La intención era devolverlo a Madrid tras notificarle su inclusión en la lista de la Oficina de Control de Activos Extranjeros (OFAC), que conlleva un estricto cuadro sancionador: inmovilización de cuentas bancarias y prohibición de entrada a territorio estadounidense.

El plan para interceptarlo

Según la información recabada, ese 19 de mayo, día en que Zapatero fue notificado de su imputación por tráfico de influencias, blanqueo de capitales y organización criminal, y en que se registraron su despacho y la empresa de sus hijas, las autoridades estadounidenses ya conocían sus planes de viajar desde Madrid a República Dominicana con familiares en un vuelo de Air Europa, con escala previa a ser trasladado a Caracas en un vuelo fletado por el Palacio de Miraflores.

El plan de la Casa Blanca, preparado con antelación, buscaba interceptar al expresidente ante la sospecha de que pretendía ocultar pruebas en la capital venezolana sobre sus actividades económicas en el país. Fuentes próximas al Departamento de Estado revelaron que Washington tenía conocimiento de que Zapatero había concertado en Caracas una reunión con Jorge Rodríguez, su principal valedor en Venezuela, y con la propia Delcy Rodríguez, dictadora desde la caída de Maduro el 3 de enero.

Con información de Vozpópuli

Un alivio para la administración Trump

La imputación de Zapatero, a la que se sumó posteriormente una pieza separada por contrabando y fraude fiscal, supuso, según las fuentes consultadas, un alivio para la administración Trump. Desde febrero existía cierto escepticismo sobre si el caso Plus Ultra avanzaría en la dirección correcta, ante el temor de que la propia influencia de Zapatero en España pudiera comprometer la investigación y librarlo de su responsabilidad en un caso que no habría avanzado sin la colaboración estadounidense.

Los seguimientos de Washington a Zapatero han sido constantes en los últimos meses, particularmente respecto a sus viajes a Caracas. Detalles a los que tuvo acceso Vozpópuli apuntan a que Estados Unidos conocía a fondo el entramado de poder atribuido al expresidente, incluyendo menciones al comisario jubilado Segundo Martínez, jefe de seguridad de Moncloa durante sus mandatos, designado en informes estadounidenses como «sujeto de interés».

En la administración Trump existía temor de que el estatus de Zapatero frustrara la investigación judicial, incluyendo la posibilidad de que se eliminaran pruebas o de que se instrumentalizara políticamente el caso para sugerir una motivación ideológica, en un contexto de relaciones tensas entre Washington y el gobierno de Pedro Sánchez. Por eso, según las fuentes estadounidenses, que el juez José Luis Calama y el fiscal Anticorrupción Javier Luzón hayan impulsado el proceso representa una garantía sobre la solvencia de las instituciones españolas frente a cualquier especulación de ideologización.
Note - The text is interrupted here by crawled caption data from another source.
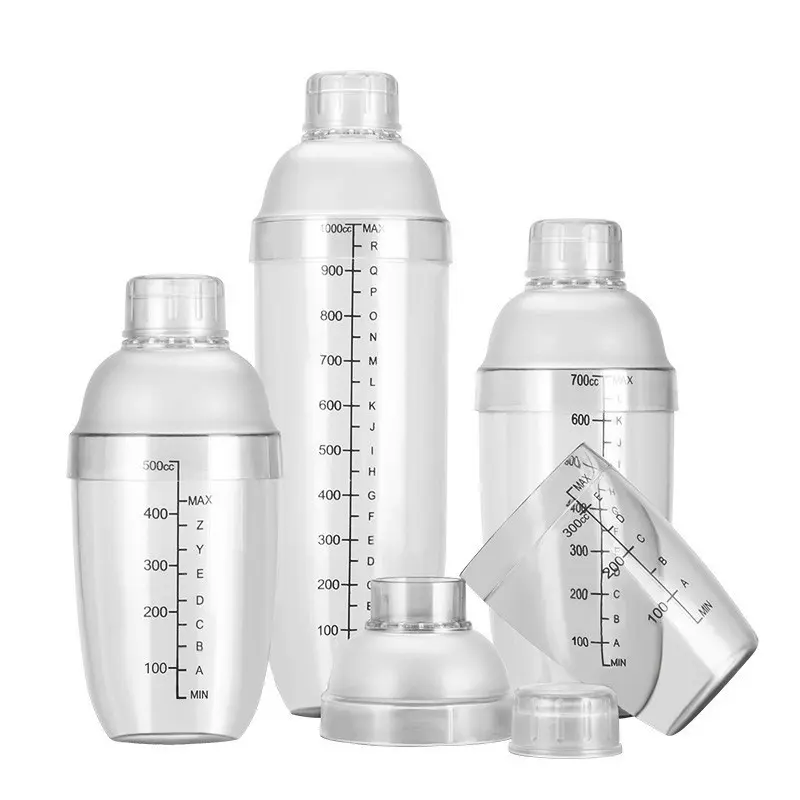 PC resin Cocktail Shaker Martini Hand Shaker Cup with Scales 350ml/500ml/700ml/1000ml Milk Tea Wine Drink Shaker Mixer Bar Tool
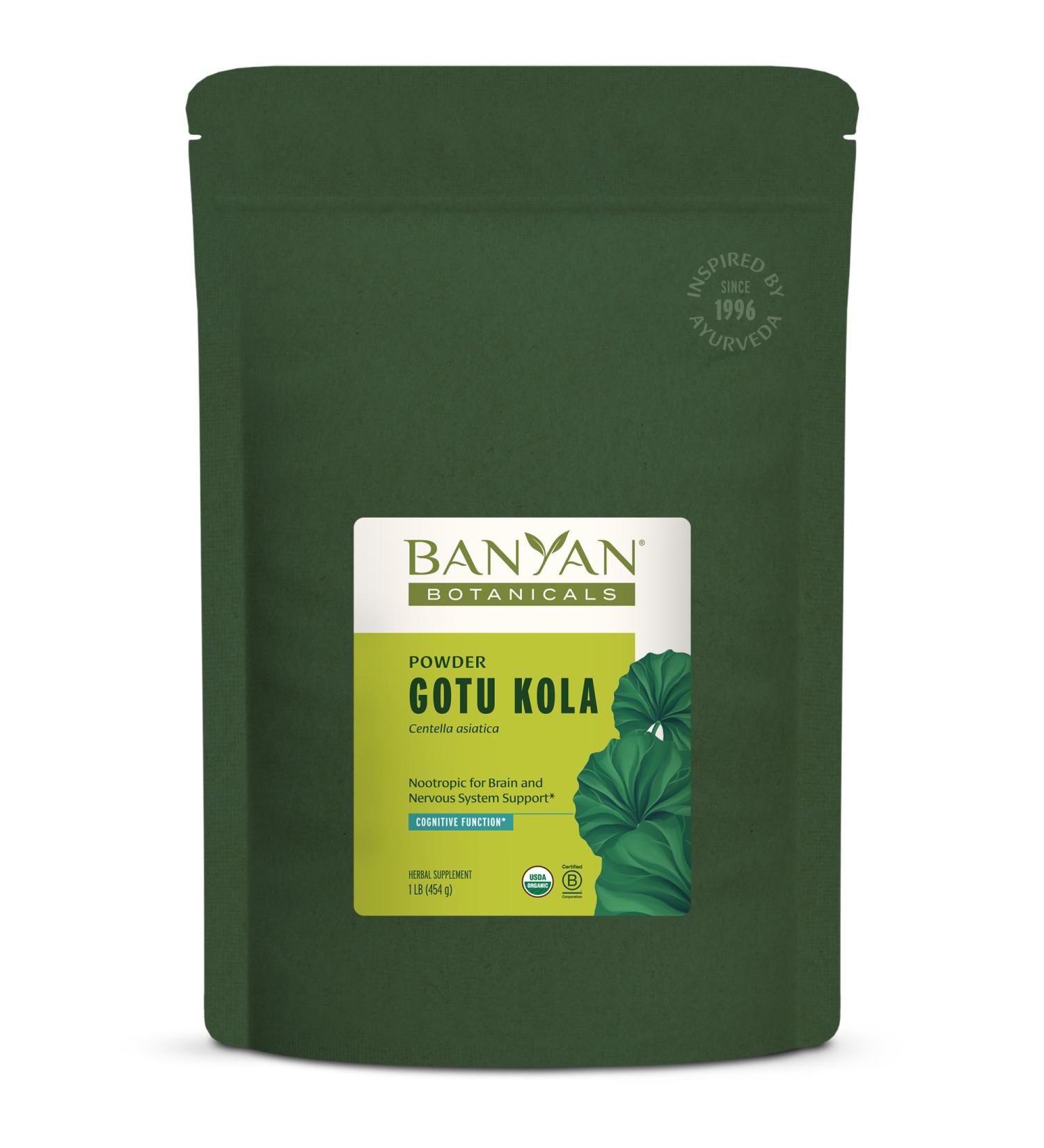 Banyan Botanicals Gotu Kola Powder Organic Brahmi (Centella Asiatica) Calming Nootropic Herb for Nervous System Support & Healthy Skin* 1 lb. Non-GMO Sustainably Sourced Vegan 16 Ounce (Pack of 1) - Buy Online on GoSupps.com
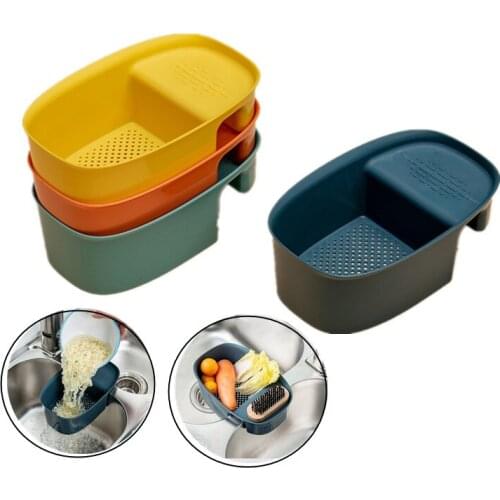 Kitchen Self-Standing Drain Sink Leftovers Soup Juice Separated By Garbage Filter Sink Storage Basket Sink Rack Kitchen Tool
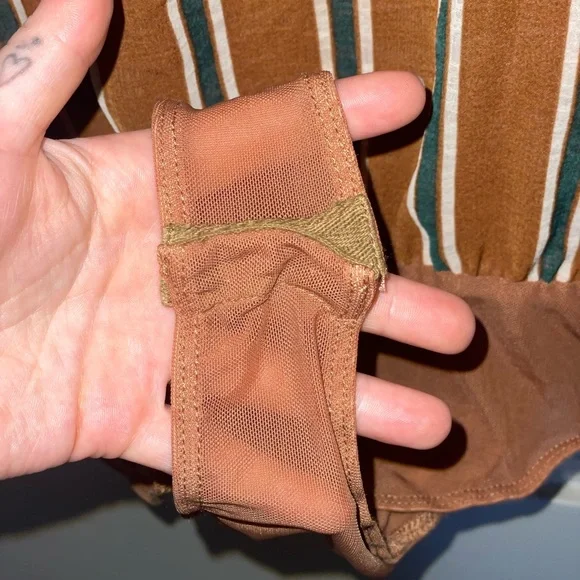 Astr Brown Green White Bodysuit with Vertical Stripes Flattering Flowy Tank NWT - Picture 11 of 12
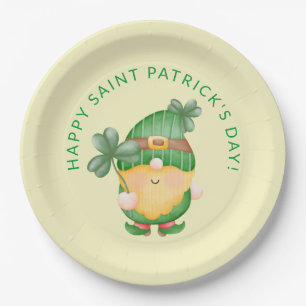 Shamrock Gnom Glücklicher St. Patrick's Tag Pappteller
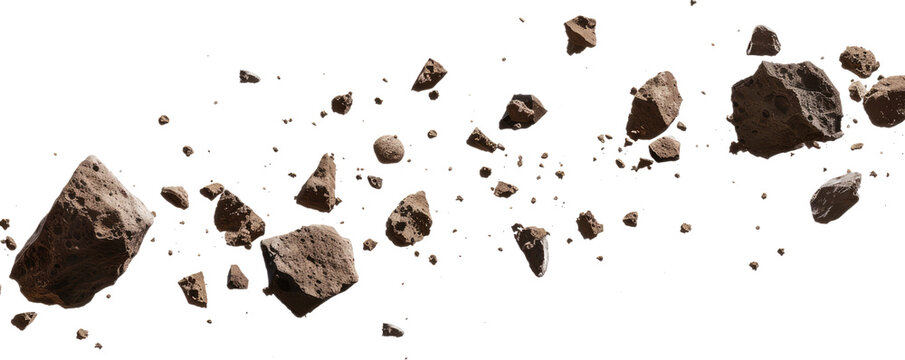 flying asteroids isolated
Una investigación que va más allá de Plus Ultra

La estrategia estadounidense sobre Zapatero se centra en su rol internacional como activo del blanqueamiento de la dictadura bolivariana, su implicación en la Internacional Socialista que preside Sánchez desde noviembre de 2024, y un rol transnacional que excede su presunta intervención en el rescate de la aerolínea venezolana.

Los contactos de Zapatero con el régimen de Maduro forman parte de una investigación más amplia de Washington sobre los vínculos entre la cúpula chavista y las redes del narcotráfico, plasmada en la demanda contra el entramado chavista formalizada en un tribunal de Florida el 14 de agosto de 2025 bajo la Rico Act, normativa específica para perseguir delitos de crimen organizado.

Zapatero figura además en una lista de 64 personas investigadas en Estados Unidos por presuntos vínculos con el régimen chavista, en un expediente ligado a un tribunal federal de Nueva York que incluye a otros dos españoles y a referentes de la izquierda internacional señalados por una intensa labor de influencia dirigida a conferirle a la dictadura venezolana una apariencia democrática en foros globales. La Fiscalía estadounidense centró sus pesquisas en determinar el grado de colaboración de los incluidos en la lista con el narcoestado venezolano y si esos vínculos derivaron en un presunto enriquecimiento ilícito, algo que ahora la Audiencia Nacional trata de dilucidar en Madrid.